=== Section Start ===

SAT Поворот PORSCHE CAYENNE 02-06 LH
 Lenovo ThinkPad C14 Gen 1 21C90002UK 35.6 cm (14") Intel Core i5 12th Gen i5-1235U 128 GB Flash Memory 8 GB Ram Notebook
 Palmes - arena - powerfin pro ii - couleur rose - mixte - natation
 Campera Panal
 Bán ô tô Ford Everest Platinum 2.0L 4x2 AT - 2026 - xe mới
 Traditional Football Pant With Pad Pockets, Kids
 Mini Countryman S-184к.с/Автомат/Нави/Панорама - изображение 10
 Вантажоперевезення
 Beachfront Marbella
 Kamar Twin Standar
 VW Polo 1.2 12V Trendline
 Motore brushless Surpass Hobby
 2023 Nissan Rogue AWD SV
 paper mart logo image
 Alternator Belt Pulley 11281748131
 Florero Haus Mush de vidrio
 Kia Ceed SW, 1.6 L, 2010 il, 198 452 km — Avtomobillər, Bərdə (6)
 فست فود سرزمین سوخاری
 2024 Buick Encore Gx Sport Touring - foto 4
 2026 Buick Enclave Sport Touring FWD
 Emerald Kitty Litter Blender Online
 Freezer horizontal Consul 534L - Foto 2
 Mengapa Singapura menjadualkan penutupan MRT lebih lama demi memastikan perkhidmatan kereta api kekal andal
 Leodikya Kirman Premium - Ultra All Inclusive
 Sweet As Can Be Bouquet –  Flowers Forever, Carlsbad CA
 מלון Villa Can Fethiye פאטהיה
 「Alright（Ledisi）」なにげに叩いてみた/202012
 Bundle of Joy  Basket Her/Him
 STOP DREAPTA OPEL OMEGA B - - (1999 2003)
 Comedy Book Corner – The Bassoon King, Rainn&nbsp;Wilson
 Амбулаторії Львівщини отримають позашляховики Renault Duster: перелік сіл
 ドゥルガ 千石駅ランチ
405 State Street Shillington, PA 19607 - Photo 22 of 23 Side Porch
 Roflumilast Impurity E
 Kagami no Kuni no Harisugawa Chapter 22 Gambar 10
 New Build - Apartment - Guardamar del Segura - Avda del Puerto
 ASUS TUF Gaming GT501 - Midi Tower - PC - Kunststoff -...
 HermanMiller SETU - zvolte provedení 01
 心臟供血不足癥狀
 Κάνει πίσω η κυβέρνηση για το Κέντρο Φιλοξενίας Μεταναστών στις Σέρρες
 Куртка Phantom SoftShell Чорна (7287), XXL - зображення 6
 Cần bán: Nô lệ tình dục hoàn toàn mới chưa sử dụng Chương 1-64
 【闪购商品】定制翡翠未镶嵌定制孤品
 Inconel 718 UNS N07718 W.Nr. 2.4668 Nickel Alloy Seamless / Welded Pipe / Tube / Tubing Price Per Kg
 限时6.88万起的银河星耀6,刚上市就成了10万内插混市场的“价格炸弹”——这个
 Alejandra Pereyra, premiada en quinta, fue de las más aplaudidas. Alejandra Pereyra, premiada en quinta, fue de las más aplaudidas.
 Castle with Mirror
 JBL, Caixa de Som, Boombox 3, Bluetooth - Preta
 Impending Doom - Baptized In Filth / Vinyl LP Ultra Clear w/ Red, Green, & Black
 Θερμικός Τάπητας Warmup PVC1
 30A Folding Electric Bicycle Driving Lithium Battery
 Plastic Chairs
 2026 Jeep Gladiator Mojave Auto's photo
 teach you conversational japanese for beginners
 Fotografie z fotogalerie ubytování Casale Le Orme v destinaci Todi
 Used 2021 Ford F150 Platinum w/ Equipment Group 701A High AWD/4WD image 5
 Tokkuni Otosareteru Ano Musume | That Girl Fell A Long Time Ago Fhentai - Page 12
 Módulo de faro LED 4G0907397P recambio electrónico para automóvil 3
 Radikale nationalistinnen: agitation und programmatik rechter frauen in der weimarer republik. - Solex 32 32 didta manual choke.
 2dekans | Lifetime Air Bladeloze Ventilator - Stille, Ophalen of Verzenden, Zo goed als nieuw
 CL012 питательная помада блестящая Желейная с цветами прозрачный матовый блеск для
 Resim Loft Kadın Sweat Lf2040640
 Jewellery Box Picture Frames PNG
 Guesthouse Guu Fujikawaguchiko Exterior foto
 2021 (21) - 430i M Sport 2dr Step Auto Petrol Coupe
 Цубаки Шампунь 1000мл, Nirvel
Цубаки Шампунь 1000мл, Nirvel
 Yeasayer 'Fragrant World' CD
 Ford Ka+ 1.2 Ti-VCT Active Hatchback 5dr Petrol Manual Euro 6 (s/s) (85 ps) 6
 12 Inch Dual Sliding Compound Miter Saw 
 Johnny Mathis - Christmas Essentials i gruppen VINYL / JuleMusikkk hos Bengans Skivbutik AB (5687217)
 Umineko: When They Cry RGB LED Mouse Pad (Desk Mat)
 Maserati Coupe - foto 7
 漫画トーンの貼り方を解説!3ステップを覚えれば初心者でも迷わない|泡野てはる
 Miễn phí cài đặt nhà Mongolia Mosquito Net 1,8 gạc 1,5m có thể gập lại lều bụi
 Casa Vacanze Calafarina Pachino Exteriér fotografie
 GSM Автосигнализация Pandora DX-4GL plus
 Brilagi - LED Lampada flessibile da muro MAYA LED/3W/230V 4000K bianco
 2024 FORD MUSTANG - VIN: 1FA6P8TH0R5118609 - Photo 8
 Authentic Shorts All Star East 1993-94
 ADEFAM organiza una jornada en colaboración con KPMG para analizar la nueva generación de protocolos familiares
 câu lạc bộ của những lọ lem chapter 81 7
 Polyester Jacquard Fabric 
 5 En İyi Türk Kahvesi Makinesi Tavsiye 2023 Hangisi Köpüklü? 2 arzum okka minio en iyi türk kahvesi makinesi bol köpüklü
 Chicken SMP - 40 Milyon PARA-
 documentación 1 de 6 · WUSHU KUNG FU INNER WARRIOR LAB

=== Section End ===

**Work instructions**
Set down the material above exactly, in full.

**Solution below**
SAT Поворот PORSCHE CAYENNE 02-06 LH
 Lenovo ThinkPad C14 Gen 1 21C90002UK 35.6 cm (14") Intel Core i5 12th Gen i5-1235U 128 GB Flash Memory 8 GB Ram Notebook
 Palmes - arena - powerfin pro ii - couleur rose - mixte - natation
 Campera Panal
 Bán ô tô Ford Everest Platinum 2.0L 4x2 AT - 2026 - xe mới
 Traditional Football Pant With Pad Pockets, Kids
 Mini Countryman S-184к.с/Автомат/Нави/Панорама - изображение 10
 Вантажоперевезення
 Beachfront Marbella
 Kamar Twin Standar
 VW Polo 1.2 12V Trendline
 Motore brushless Surpass Hobby
 2023 Nissan Rogue AWD SV
 paper mart logo image
 Alternator Belt Pulley 11281748131
 Florero Haus Mush de vidrio
 Kia Ceed SW, 1.6 L, 2010 il, 198 452 km — Avtomobillər, Bərdə (6)
 فست فود سرزمین سوخاری
 2024 Buick Encore Gx Sport Touring - foto 4
 2026 Buick Enclave Sport Touring FWD
 Emerald Kitty Litter Blender Online
 Freezer horizontal Consul 534L - Foto 2
 Mengapa Singapura menjadualkan penutupan MRT lebih lama demi memastikan perkhidmatan kereta api kekal andal
 Leodikya Kirman Premium - Ultra All Inclusive
 Sweet As Can Be Bouquet –  Flowers Forever, Carlsbad CA
 מלון Villa Can Fethiye פאטהיה
 「Alright（Ledisi）」なにげに叩いてみた/202012
 Bundle of Joy  Basket Her/Him
 STOP DREAPTA OPEL OMEGA B - - (1999 2003)
 Comedy Book Corner – The Bassoon King, Rainn&nbsp;Wilson
 Амбулаторії Львівщини отримають позашляховики Renault Duster: перелік сіл
 ドゥルガ 千石駅ランチ
405 State Street Shillington, PA 19607 - Photo 22 of 23 Side Porch
 Roflumilast Impurity E
 Kagami no Kuni no Harisugawa Chapter 22 Gambar 10
 New Build - Apartment - Guardamar del Segura - Avda del Puerto
 ASUS TUF Gaming GT501 - Midi Tower - PC - Kunststoff -...
 HermanMiller SETU - zvolte provedení 01
 心臟供血不足癥狀
 Κάνει πίσω η κυβέρνηση για το Κέντρο Φιλοξενίας Μεταναστών στις Σέρρες
 Куртка Phantom SoftShell Чорна (7287), XXL - зображення 6
 Cần bán: Nô lệ tình dục hoàn toàn mới chưa sử dụng Chương 1-64
 【闪购商品】定制翡翠未镶嵌定制孤品
 Inconel 718 UNS N07718 W.Nr. 2.4668 Nickel Alloy Seamless / Welded Pipe / Tube / Tubing Price Per Kg
 限时6.88万起的银河星耀6,刚上市就成了10万内插混市场的“价格炸弹”——这个
 Alejandra Pereyra, premiada en quinta, fue de las más aplaudidas. Alejandra Pereyra, premiada en quinta, fue de las más aplaudidas.
 Castle with Mirror
 JBL, Caixa de Som, Boombox 3, Bluetooth - Preta
 Impending Doom - Baptized In Filth / Vinyl LP Ultra Clear w/ Red, Green, & Black
 Θερμικός Τάπητας Warmup PVC1
 30A Folding Electric Bicycle Driving Lithium Battery
 Plastic Chairs
 2026 Jeep Gladiator Mojave Auto's photo
 teach you conversational japanese for beginners
 Fotografie z fotogalerie ubytování Casale Le Orme v destinaci Todi
 Used 2021 Ford F150 Platinum w/ Equipment Group 701A High AWD/4WD image 5
 Tokkuni Otosareteru Ano Musume | That Girl Fell A Long Time Ago Fhentai - Page 12
 Módulo de faro LED 4G0907397P recambio electrónico para automóvil 3
 Radikale nationalistinnen: agitation und programmatik rechter frauen in der weimarer republik. - Solex 32 32 didta manual choke.
 2dekans | Lifetime Air Bladeloze Ventilator - Stille, Ophalen of Verzenden, Zo goed als nieuw
 CL012 питательная помада блестящая Желейная с цветами прозрачный матовый блеск для
 Resim Loft Kadın Sweat Lf2040640
 Jewellery Box Picture Frames PNG
 Guesthouse Guu Fujikawaguchiko Exterior foto
 2021 (21) - 430i M Sport 2dr Step Auto Petrol Coupe
 Цубаки Шампунь 1000мл, Nirvel
Цубаки Шампунь 1000мл, Nirvel
 Yeasayer 'Fragrant World' CD
 Ford Ka+ 1.2 Ti-VCT Active Hatchback 5dr Petrol Manual Euro 6 (s/s) (85 ps) 6
 12 Inch Dual Sliding Compound Miter Saw 
 Johnny Mathis - Christmas Essentials i gruppen VINYL / JuleMusikkk hos Bengans Skivbutik AB (5687217)
 Umineko: When They Cry RGB LED Mouse Pad (Desk Mat)
 Maserati Coupe - foto 7
 漫画トーンの貼り方を解説!3ステップを覚えれば初心者でも迷わない|泡野てはる
 Miễn phí cài đặt nhà Mongolia Mosquito Net 1,8 gạc 1,5m có thể gập lại lều bụi
 Casa Vacanze Calafarina Pachino Exteriér fotografie
 GSM Автосигнализация Pandora DX-4GL plus
 Brilagi - LED Lampada flessibile da muro MAYA LED/3W/230V 4000K bianco
 2024 FORD MUSTANG - VIN: 1FA6P8TH0R5118609 - Photo 8
 Authentic Shorts All Star East 1993-94
 ADEFAM organiza una jornada en colaboración con KPMG para analizar la nueva generación de protocolos familiares
 câu lạc bộ của những lọ lem chapter 81 7
 Polyester Jacquard Fabric 
 5 En İyi Türk Kahvesi Makinesi Tavsiye 2023 Hangisi Köpüklü? 2 arzum okka minio en iyi türk kahvesi makinesi bol köpüklü
 Chicken SMP - 40 Milyon PARA-
 documentación 1 de 6 · WUSHU KUNG FU INNER WARRIOR LAB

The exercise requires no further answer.